-- RECORDS FOR THIS TASK --
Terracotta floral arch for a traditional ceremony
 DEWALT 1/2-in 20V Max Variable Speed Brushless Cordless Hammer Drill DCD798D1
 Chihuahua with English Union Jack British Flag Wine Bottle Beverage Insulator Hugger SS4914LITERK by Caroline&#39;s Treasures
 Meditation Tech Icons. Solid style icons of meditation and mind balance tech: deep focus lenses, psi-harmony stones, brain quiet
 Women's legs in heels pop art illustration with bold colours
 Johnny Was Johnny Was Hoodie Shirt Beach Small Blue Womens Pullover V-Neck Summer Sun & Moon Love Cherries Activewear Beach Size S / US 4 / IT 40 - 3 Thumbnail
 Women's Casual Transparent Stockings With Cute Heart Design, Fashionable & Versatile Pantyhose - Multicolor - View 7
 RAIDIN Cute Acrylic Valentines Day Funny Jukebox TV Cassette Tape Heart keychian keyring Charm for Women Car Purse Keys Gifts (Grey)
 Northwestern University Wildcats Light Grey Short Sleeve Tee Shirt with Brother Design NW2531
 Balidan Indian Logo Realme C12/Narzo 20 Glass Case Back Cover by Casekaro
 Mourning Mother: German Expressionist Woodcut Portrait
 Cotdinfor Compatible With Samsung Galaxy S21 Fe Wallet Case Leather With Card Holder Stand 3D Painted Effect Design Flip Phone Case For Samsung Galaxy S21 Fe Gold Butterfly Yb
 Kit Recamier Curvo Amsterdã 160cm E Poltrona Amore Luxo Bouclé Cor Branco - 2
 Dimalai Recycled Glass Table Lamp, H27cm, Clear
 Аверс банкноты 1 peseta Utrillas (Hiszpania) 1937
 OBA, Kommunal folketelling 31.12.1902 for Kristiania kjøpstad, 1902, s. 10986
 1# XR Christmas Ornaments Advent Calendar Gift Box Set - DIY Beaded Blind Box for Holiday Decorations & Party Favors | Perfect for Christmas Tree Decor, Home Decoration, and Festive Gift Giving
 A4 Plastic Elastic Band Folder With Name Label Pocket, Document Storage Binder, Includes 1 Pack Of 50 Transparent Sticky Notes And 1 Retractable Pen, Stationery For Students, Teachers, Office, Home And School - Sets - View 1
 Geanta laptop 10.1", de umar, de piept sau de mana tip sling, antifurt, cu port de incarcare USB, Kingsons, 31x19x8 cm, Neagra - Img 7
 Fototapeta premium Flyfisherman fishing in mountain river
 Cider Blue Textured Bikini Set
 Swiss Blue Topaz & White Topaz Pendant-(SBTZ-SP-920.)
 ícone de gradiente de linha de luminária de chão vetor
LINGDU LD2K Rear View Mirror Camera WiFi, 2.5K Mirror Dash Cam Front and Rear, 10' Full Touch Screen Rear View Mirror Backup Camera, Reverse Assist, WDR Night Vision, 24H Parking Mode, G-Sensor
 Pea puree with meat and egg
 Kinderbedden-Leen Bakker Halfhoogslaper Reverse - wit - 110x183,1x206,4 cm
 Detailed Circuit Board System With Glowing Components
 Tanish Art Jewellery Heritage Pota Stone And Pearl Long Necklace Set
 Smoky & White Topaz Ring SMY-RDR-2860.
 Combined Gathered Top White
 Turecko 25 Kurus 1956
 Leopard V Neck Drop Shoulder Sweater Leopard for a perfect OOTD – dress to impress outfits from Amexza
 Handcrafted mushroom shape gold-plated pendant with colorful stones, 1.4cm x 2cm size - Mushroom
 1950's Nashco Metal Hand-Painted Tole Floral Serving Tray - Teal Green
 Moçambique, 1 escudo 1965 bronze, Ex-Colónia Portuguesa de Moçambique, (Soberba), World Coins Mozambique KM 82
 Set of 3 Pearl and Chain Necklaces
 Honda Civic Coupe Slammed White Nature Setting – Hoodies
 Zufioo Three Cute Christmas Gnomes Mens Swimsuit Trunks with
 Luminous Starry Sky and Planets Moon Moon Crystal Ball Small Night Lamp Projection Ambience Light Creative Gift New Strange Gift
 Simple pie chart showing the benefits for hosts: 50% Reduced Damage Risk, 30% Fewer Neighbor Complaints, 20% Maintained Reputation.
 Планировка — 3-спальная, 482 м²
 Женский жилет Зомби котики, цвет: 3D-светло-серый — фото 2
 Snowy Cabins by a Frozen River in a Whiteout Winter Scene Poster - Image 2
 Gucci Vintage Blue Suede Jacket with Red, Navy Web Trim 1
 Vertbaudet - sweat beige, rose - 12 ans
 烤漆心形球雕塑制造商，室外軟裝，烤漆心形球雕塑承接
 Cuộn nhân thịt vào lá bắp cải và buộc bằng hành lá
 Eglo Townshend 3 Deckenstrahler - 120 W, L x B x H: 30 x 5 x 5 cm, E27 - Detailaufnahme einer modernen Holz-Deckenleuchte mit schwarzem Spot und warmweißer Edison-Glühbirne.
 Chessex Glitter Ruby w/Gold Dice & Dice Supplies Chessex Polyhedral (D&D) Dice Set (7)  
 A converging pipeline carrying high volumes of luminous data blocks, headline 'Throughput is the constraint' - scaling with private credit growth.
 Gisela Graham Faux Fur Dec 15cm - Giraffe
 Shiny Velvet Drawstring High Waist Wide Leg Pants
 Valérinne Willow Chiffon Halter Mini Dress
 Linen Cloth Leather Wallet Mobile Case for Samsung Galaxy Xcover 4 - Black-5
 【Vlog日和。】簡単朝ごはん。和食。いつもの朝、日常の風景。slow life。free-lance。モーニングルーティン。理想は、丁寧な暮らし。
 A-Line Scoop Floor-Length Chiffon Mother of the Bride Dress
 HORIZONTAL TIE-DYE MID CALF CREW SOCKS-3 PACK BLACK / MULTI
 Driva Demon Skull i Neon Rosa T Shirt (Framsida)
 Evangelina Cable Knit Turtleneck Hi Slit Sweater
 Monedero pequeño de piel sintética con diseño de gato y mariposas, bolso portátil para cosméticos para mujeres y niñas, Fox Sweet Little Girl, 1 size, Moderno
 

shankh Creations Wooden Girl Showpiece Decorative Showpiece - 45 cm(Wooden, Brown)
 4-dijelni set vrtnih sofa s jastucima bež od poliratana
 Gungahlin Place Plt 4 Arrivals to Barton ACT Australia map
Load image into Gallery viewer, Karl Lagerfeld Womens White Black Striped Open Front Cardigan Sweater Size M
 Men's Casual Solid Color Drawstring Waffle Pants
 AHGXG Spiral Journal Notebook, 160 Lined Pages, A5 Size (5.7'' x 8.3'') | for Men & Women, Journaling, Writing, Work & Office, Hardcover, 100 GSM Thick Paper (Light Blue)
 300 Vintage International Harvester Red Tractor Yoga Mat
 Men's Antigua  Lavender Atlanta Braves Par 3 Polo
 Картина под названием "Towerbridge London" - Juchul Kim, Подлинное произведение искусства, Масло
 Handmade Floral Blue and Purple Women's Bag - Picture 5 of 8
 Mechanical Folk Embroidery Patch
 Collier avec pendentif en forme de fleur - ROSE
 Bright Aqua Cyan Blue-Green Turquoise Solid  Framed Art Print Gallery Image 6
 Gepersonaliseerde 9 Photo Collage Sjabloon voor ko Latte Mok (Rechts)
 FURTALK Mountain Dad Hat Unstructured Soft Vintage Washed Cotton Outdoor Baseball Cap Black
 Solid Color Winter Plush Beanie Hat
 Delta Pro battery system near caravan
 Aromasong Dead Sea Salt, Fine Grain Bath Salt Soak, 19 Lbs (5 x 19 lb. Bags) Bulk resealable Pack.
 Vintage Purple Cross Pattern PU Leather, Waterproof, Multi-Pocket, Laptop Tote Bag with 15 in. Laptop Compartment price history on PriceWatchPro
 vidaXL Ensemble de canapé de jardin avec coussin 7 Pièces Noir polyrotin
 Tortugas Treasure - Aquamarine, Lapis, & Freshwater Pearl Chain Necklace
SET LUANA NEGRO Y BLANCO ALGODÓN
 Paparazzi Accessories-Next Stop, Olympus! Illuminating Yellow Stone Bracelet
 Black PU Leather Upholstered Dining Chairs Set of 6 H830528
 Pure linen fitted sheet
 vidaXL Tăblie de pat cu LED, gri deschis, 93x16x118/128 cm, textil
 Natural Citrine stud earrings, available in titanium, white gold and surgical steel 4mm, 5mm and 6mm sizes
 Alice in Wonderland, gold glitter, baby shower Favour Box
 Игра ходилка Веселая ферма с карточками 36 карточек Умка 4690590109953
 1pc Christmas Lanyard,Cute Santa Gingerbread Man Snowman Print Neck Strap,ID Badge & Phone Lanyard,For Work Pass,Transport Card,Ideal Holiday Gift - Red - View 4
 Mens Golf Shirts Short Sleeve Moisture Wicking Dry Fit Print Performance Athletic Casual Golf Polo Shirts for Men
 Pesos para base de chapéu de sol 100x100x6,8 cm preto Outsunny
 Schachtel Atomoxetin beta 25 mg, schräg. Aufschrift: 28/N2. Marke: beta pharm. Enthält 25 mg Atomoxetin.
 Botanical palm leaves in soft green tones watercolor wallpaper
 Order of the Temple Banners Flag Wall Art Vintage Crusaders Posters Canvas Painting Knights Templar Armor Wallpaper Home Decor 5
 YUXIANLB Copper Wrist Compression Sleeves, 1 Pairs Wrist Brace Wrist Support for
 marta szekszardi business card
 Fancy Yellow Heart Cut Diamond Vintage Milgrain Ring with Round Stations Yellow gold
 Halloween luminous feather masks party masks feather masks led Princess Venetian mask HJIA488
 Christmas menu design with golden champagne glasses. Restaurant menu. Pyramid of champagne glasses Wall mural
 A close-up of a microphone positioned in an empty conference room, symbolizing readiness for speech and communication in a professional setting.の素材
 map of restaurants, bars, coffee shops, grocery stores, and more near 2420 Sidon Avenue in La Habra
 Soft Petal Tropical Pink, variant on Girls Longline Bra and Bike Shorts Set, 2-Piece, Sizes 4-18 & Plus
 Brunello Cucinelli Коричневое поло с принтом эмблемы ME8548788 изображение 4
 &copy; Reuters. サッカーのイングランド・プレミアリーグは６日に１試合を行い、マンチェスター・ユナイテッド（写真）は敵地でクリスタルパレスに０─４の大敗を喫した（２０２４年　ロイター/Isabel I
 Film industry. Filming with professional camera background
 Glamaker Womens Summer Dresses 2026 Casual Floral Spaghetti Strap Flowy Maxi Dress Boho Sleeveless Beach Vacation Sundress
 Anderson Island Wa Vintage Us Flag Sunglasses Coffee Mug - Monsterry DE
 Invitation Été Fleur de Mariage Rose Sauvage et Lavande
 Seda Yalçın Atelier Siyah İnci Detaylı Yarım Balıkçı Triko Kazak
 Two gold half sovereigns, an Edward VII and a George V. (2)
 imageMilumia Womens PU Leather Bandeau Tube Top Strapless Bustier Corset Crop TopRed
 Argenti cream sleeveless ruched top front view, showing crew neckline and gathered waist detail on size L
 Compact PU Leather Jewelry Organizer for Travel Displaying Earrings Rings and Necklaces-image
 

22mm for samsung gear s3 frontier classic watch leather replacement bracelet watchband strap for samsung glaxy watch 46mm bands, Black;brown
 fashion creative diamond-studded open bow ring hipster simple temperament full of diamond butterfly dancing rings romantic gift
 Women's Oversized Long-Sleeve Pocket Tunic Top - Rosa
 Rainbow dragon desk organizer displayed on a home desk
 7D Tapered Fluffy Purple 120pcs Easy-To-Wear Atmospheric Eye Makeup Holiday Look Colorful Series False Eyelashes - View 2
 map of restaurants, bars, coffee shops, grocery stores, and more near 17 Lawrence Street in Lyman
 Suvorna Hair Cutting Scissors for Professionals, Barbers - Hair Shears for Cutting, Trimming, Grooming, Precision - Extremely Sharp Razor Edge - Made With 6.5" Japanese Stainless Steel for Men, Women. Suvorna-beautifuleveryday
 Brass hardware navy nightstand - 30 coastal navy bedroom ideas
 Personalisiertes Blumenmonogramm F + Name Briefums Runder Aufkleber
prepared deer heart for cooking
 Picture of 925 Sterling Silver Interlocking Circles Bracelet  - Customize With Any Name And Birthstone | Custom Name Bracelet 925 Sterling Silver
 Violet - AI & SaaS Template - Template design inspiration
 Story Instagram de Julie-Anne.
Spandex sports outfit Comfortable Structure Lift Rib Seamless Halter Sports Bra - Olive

-- WORK TO COMPLETE --
Retype the entries above exactly, but only from the line containing "Braves Par 3 Polo" through the line containing "Delta Pro battery system near caravan", both included.

-- EXERCISE RESPONSE --
 Men's Antigua  Lavender Atlanta Braves Par 3 Polo
 Картина под названием "Towerbridge London" - Juchul Kim, Подлинное произведение искусства, Масло
 Handmade Floral Blue and Purple Women's Bag - Picture 5 of 8
 Mechanical Folk Embroidery Patch
 Collier avec pendentif en forme de fleur - ROSE
 Bright Aqua Cyan Blue-Green Turquoise Solid  Framed Art Print Gallery Image 6
 Gepersonaliseerde 9 Photo Collage Sjabloon voor ko Latte Mok (Rechts)
 FURTALK Mountain Dad Hat Unstructured Soft Vintage Washed Cotton Outdoor Baseball Cap Black
 Solid Color Winter Plush Beanie Hat
 Delta Pro battery system near caravan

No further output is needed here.